Los entusiastas participantes recorrían ese tramo
de carreteras sin asfaltar, pedaleando
entre yarumos y cafetales sin más incentivos que el goce de estar vivos.
De vez en
cuando desviaban la mirada hacia las cunetas y sus ojos se
topaban con el horror: los cuerpos acribillados a tiros o descuartizados a
machetazo limpio que les formulaban preguntas desde su mutismo inapelable.
Y las
preguntas siempre han tenido
respuestas, dependiendo de la época.
En estos riscos
los quimbayas libraron batallas feroces contra bandos enemigos, que muchas veces estaban integrados por facciones
de su propio pueblo.
En algunas
crónicas de Jorge Robledo, Pascual de Andagoya y Cieza de León es posible rastrear vestigios de esas batallas.
Más tarde, en
una nueva oleada migratoria, llegaron a la zona colonos provenientes de Valparaíso,
Jardín y Jericó, que sumados a
campesinos de Santuario y Apía poblaron
lo que hoy es El Águila.
Muchos pleitos
de tierras se dirimieron a machete y escopeta. Los cuerpos de las víctimas fueron
abandonados a la vera del camino por donde cruzaron los ciclistas varias
décadas después.
Como un árbol
enfermo que engendra ramas letales, las violencias se reprodujeron en la zona. La de liberales y
conservadores. La de los narcos. La de
todos los demás.
Tanto, que el
escritor Germán Castro Caicedo cuenta en
su libro Colombia amarga como, bien entrados los años setenta, se consumaban en
La Celia venganzas heredadas.
Familias enteras
tuvieron que abandonar el pueblo sin más
equipaje que el miedo y la ropa que llevaban puesta. Entre esas familias estaba
la de José Gil, el sastre más reconocido
de La Celia.
El sastre
de San Judas
“Se le tiene, mijo”, responde José Gil cuando un niño le pide
un par de baterías para alimentar su juguete recién estrenado.

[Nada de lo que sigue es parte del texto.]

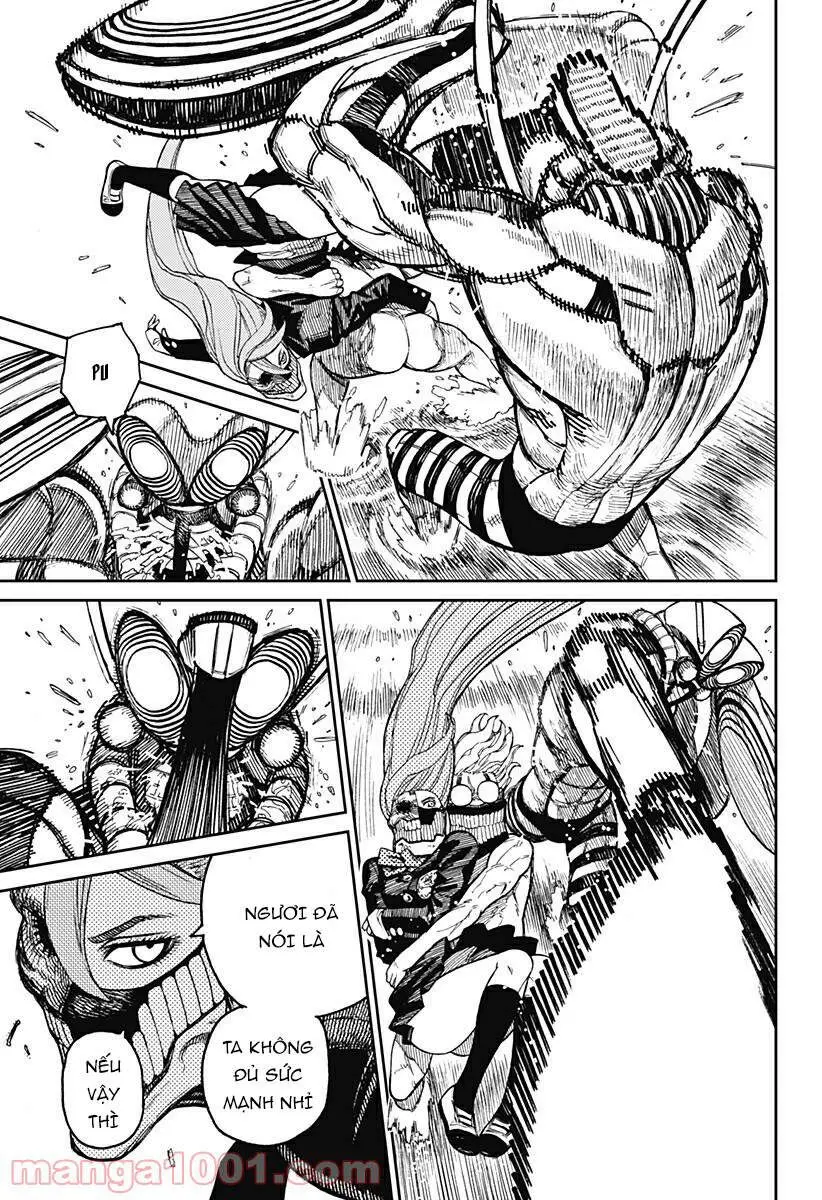 Chapter 22 trang 13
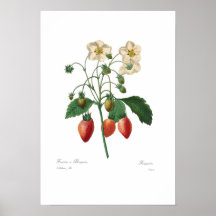 Strawberry Poster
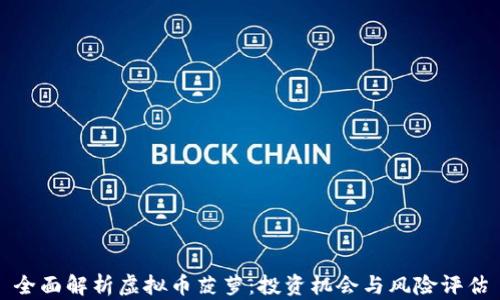 
全面解析虚拟币菠萝：投资机会与风险评估
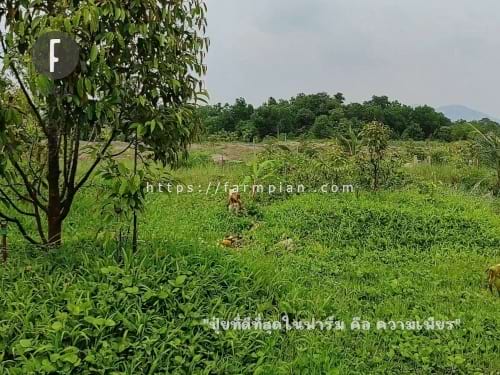 แปลงด้านหลังที่ดูโล่งๆ นั่นอีกเจ้าของนึง เพิ่งจะปลูกต้นใหม่ ได้ไม่ครบปี ณ ตอนที่เขียนบทความ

Es un tipo tranquilo, que cojea a grandes zancadas en
busca del producto solicitado por los clientes de la sastrería, ubicada en el barrio San Judas de Dosquebradas- en realidad se llama Barrio Otún-,
ubicado a orillas del río que le dio su nombre original.
Como tantas
familias expulsadas de sus pueblos, levantó su casa en el vecindario y se
consagró a ganarse la vida con lo que mejor sabe hacer: “Confeccionar vestidos sobre medida para damas y caballeros, mijo” declara
en el tono pontificial de quien supo hacer de su trabajo una liturgia.
Y sella la declaración apurando un trago largo de cerveza.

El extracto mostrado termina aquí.